Well, have to admit we were lazy when the ship ported at
Tenerife. It was a rainy, cool day and
we had not scheduled a tour so when we realized that the port was a good
distance from the city, and transfers were expensive we decided to skip the
shore trip for this day.
We spent the day eating and drinking onboard the ship in the
bars that were open early, taking a siesta (practicing now that we were in
Spain), and watching movies in our cabin.
We had a nice leisurely dinner in our cabin (complete with a good bottle
of wine) and promised ourselves that tomorrow we would go ashore and explore in Lanzarote.

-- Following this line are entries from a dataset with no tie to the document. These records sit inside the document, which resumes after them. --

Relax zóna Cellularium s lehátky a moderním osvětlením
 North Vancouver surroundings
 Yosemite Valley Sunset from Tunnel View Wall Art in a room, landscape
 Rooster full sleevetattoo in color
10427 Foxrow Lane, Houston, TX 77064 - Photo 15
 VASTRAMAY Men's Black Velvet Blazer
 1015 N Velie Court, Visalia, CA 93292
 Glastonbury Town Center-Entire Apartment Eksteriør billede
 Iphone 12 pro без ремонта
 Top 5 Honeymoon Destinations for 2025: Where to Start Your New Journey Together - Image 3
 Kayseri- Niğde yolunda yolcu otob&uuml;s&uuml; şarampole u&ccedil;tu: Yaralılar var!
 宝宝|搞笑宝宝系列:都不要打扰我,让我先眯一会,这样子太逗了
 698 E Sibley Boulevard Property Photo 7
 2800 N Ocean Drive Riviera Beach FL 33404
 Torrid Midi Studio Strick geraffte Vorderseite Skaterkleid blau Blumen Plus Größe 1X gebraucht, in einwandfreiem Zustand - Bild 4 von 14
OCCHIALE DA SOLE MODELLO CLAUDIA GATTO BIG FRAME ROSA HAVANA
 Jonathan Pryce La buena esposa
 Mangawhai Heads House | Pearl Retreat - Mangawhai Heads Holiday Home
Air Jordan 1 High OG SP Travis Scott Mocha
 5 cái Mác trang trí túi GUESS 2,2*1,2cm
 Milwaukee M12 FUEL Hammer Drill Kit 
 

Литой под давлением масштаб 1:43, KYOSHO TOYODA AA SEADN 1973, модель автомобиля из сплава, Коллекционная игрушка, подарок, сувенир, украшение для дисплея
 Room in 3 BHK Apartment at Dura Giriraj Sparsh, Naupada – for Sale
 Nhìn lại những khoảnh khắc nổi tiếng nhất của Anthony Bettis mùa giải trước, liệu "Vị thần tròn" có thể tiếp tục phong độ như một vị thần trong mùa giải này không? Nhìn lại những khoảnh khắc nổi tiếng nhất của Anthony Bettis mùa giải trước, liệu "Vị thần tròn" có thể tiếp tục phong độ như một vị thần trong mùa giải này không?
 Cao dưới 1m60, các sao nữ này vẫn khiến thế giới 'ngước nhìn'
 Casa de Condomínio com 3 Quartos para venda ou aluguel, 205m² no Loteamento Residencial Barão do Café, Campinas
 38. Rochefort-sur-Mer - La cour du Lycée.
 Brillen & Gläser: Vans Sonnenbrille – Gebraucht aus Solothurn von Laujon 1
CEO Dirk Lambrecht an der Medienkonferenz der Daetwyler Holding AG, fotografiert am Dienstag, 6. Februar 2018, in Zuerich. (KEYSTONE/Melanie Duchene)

It was a sunny day that dawned while we were arriving in
Lanzarote and we could see the island very clearly. Unfortunately, Lanzarote is a volcanic island
desert. It looks like the surface of the
moon!
As we caught our tour bus to Puerta
del Carmen the clouds started rolling in. As we began walking down the boardwalk , we realized that there were beautiful beaches
here (although it was still a little chilly for us to use the beaches) and the
town out turned out to be a quaint little village although quite a bit tourist oriented.
After a few hours of walking we settled in at O’Reilley’s,
(yes an Irish pub) for a bacon sandwich and an Irish cider. The bacon sandwich was wonderful and the
Magners was authentic both of which we enjoyed while watching the tourists
wander the street between the bar and the beach. We’ll talk about O’Reilley’s more in a future
“Irish pubs abroad” post. Then it was
back to the ship for a two-day sail to the island of Madeira.
Our day at sea included, as was becoming normal, a formal
night in the dining room. This was the
final formal night because the night before reaching Malaga would be filled
with packing and preparing everybody’s luggage for departure in Malaga. The dining room chefs and staff always try to
outdo themselves on this evening and we weren’t disappointed. The food was special and all of the dining
room kitchen staff members were introduced as they formed what can only be
described as a Conga line carrying the final dessert (Baked Alaska) for the
cruise.
This was also the evening for tipping the servers all over
the ship for taking care of us.
Normally, a cruise line suggests that tips be calculated at $11 or $12
per person per day allocated in a certain way among the dining room staff, the
room stewards, etc. although some cruise lines include tipping in the cost of
the cruise. Since we didn’t use the
dining room every night we wished to allocate our tips differently than that
suggested by the ship (and which RCCL allows) and we were happy to hand out our
envelopes to our favorite servers. What
a nice way to say “thanks” and “see you later”.
We awoke the next day in time to see the port of Funchal in
Madeira as the ship arrived.
Unfortunately, there were very low hanging clouds over this incredibly
beautiful town as we slowly cruised into port.